That said, I’d love to try this with five to seven people, since the next role added is a deputy, which should rebalance the game. The company’s site includes rules for a two-player variant, and the Dodge City Expansion expansion adds 3- and 8-player possibilities. (The online consensus seems to be that buying the complete set, Bang – The Bullet, which includes the expansions, is the best way to go.)

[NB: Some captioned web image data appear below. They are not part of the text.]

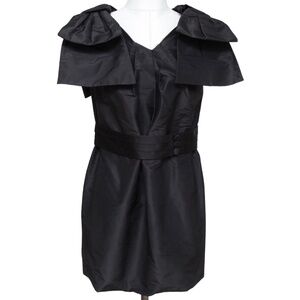 MARC JACOBS Black Dress Sleeveless Knee Length Silk Cocktail Bow Zipper Sz 8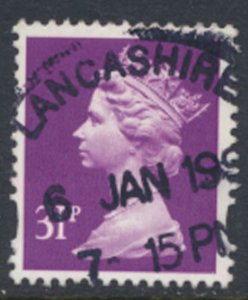 GB  Machin 31p SG Y1695 2 reddish Phosphor bands SC# MH221 Used  1996 details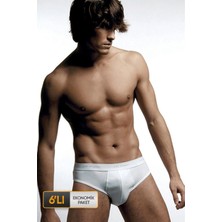 Çift Kaplan Erkek Ribana Klasik Beyaz Slip 0870 6'lı Ekonomik Paket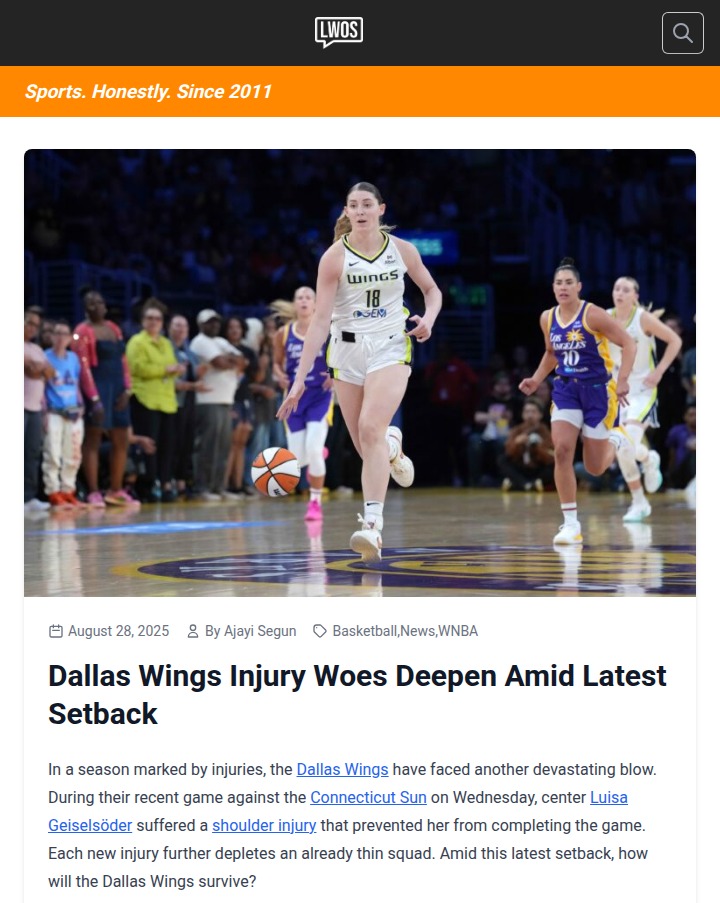 Dallas Wings' season rocked by injury crisis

Boardgamegeek has a great forum post on Bang! where three kids, ages 9, 11, and 13, respond to some of the major criticisms of the game, and do so intelligently and sometimes humorously. The site also offers a Word doc that, when printed on both sides of a page, creates a handy player aid with condensed rules and card actions.

The BFG.

I read Roald Dahl’s The BFG because it’s on the Guardian‘s list of the 100 greatest novels of the last 300 years. It’s a peculiar choice, as it’s a young adult book and quite short for a novel of any genre, although some of the macabre material makes it unsuitable for the younger part of the YA audience. It’s clever and very funny with a silly plot, and the title character is, for an ugly giant, totally endearing.

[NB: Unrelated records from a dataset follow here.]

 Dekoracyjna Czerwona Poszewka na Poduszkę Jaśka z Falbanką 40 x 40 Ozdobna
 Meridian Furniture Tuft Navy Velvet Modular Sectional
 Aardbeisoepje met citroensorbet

The novel begins with the abduction of Sophie, a resident of a London orphanage, by a 24-foot-tall giant who turns out to be one of nine living in a faraway place, and the only one who doesn’t run off every night to snatch people from their beds and eat them. This giant, the Big Friendly Giant of the book’s title, quickly becomes fond of Sophie, but their fast friendship faces a challenge when the BFG learns that the other Giants – including the Fleshlumpeater, the Bloodbottler, and the Childchewer – are planning a run to London to feast on English children during the “witching hour” when all humans are asleep and giants can run amok undetected. Sophie hatches a plan that involves the BFG and the Queen of England, some trickery, and six dozen eggs.

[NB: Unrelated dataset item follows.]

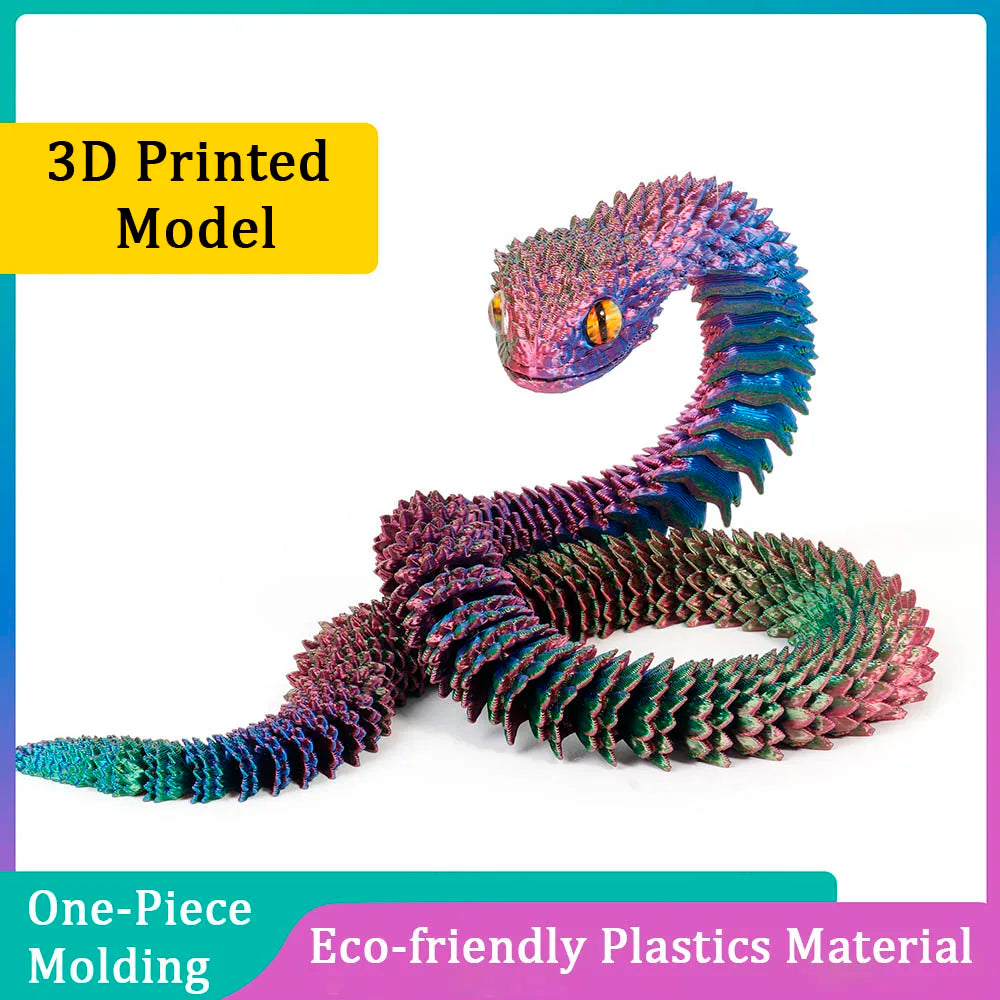 3D Printed Snake Decoration Colorful Model 3D Printed Animals Creative Toy Desk Accessories Room Decor Table Ornament 3 Sizes - Zecs shopping
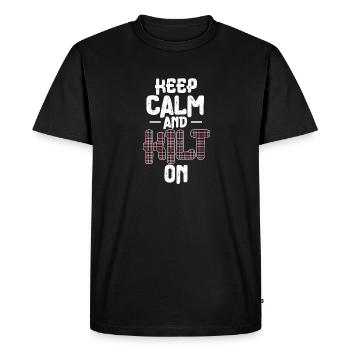 Jupe Tartan Kilt Ecossais - T-shirt Premium bio Homme - noir - Devant - Nico (187cm)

Putting The BFG on their top 100 novels of all time makes the Guardian‘s list look deliberately different or contrarian, but it is still an enjoyable book, mostly for its magical prose. Dahl was an extremely gifted wordplay artist, as the gibberish that comes out of the BFG’s mouth is often inspired, and the book overflows with puns, such as descriptions of how the “human beans” in each country taste (giants like Swedes for the “Sweden sour” taste; people in Panama taste “hatty” while those in Wellington taste of boots; and no one likes Greeks because they taste “greasy”). The explanation of why the giants’ home isn’t in the atlas and the description of the fizzy drink frobscottle are both priceless. It’s maybe a two-hour read and certainly worth the time investment, although I have a feeling I won’t be reading this to my daughter at any time in the next decade.

Next up: Back to friend of the dish Lev Grossman with his novel Codex.

HoF ballot, TV.

I’ve got a column up for Insiders with hypothetical Hall of Fame ballot, with seven names on it, a few of whom will probably still be waiting if and when I become eligible to vote.

Also, I’ll be on ESPNEWS today at 2:40 pm EST, topics still TBD.

Alice Adams.

I’ll be on ESPNEWS some time between 2:30 and 3 pm EST on Monday, topics TBD.

Booth Tarkington’s Alice Adams won the 1922 Pulitzer Prize for the Novel, making him the award’s first two-time winner as he won two of the first four given. His first award was for The Magnificent Ambersons, a much stronger book chronicling an aristocratic family’s decline at the start of the 20th century. Alice Adams, while fast-moving and loaded with a healthy amount of satiric wit, relies on character actions that rang false for me and never had the same tension or narrative greed of the earlier work.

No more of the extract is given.